Friday, April 7, 2017

Sports this 'n' that

For months, I was under the assumption that Troy High was cutting loose baseball coach William Whitty. Not so, it turns out. Seems that Whitty is not a physical education teacher, and with two gym teachers in charge of tryouts and practices, that led to a mistaken assumption. So, to Coach Whitty, I apologize.

That said, the season got off to a good start Wednesday, as the non-league game vs. Bethlehem, delayed from April 1, saw the Flying Horses shut down the Eagles, 2-0. The team begins a 3-game road trip----we think---at Columbia today, followed by a non-league tilt vs. former Big 10 rival Amsterdam, now out of the Foothills Council, tomorrow. Colonie was supposed to be the opponent on Wednesday, but that game will be made up, likely during Easter vacation week (April 17-22).

Meanwhile, after beating Colonie at home on Tuesday, the Troy lacrosse team suffered their first loss, a 7-6 heartbreaker to Columbia on Thursday. The laxmen are right back at it against Amsterdam tomorrow.
Normally, you'd think LaSalle would play their home lacrosse matches at Sutton Field, but no. For reasons known only to the school, the Cadets are using Watervliet High as a temporary home field.
CBS Sports president Sean McManus, son of the late broadcaster, Jim McKay, gets the Weasel of the Week award this week for unceremoniously removing former Giants quarterback Phil Simms as CBS' #1 NFL color analyst, replaced by newly retired Dallas QB Tony Romo. The Cowboys, apparently, couldn't convince anyone else to make a trade for Romo, which likely would've involved draft picks, as Romo became expendable last season due to the emergence of Dak Prescott, who led the Cowboys to the NFC East title.

So why does Romo get the plum assignment with no broadcasting experience? Simple. CBS is looking to cut into Fox's ratings. Another ex-Cowboy, Troy Aikman, has established himself as Fox's #1 analyst, so CBS is playing monkey see, monkey do. However, they're throwing Romo to the wolves right away. Better that Romo would start in the NFL Today studio, but this is about ratings chicken, for one thing, plus the fact that CBS has the Cowboys' annual Thanksgiving Day game this year.

In addition to the Weasel ears, we'll see if we can find a copy of the writings of George Santayana for Mr. McManus.
There is still a lot of talk, and attendant flak, over the LPGA's decision to penalize Lexi Thompson four strokes for misplacing her ball on Saturday afternoon. Golf is one of the few sports, if not the only one, that allows television viewers to participate. I think tennis does, too, but I'm not entirely sure. While Thompson, 22, made up the difference and forced a playoff, which she ultimately lost, she shouldn't have had that happen 24 hours after the miscues took place. She also signed her scorecard for the 3rd round, not knowing about the mistake she made. An anonymous viewer e-mailed the LPGA with his/her findings, but Thompson has gotten support from her fellow pros----on the men's tour, including Hall of Fame icon Jack Nicklaus.

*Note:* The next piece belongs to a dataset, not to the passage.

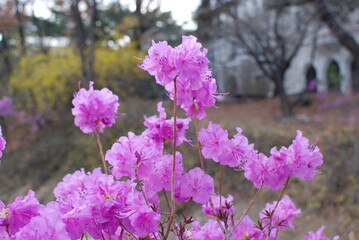 Azalea flowers that announce the news of spring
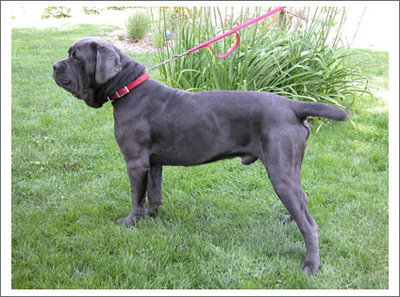 neapolitan_mastiffs_1.jpg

Nicklaus, quoted by Doug Ferguson of the Associated Press on Thursday, believes that once your scorecard is signed and turned over to a tournament official, that's it. Turning golf into an interactive television event is meant to boost ratings and inform Joe & Jane Sixpack about the game, not turn them into remote nannies who nitpick and unwittingly create situations such as what befell Thompson at the ANA Inspiration, the first LPGA major tournament, fornerly known as the Nabisco-Dinah Shore Classic, of the season.

Another former Masters champion, Phil Mickelson, was quoted as saying the LPGA should consider awarding Thompson the trophy after all, but what purpose would that serve? "Lefty" got that one wrong. What's done is done. End of story.
Finally, we're also handing out a set of Weasel ears to Dan LeBatard, and this has nothing to do with his ESPN comedy-talk show, Highly Questionable, which we'll review another time. No, in this case, LeBatard gets the ears for straying too far off course in the course of an interview with newly-minted WWE Hall of Famer and yoga guru Diamond Dallas Page. LeBatard pressed Page on a reported tiff with former WCW rival Scott Steiner. Page went off on LeBatard, and was cut off after dropping an F-bomb on the air. Page was justified, if but because he'd told LeBatard repeatedly he didn't want to address that issue (an interview with the more volatile Steiner would've ended worse), but was ignored. You'd expect this from some C-list Howard Stern wanna-be, not a veteran journalist like LeBatard, who I believe is also still a newspaper columnist (Miami Herald), but should know better.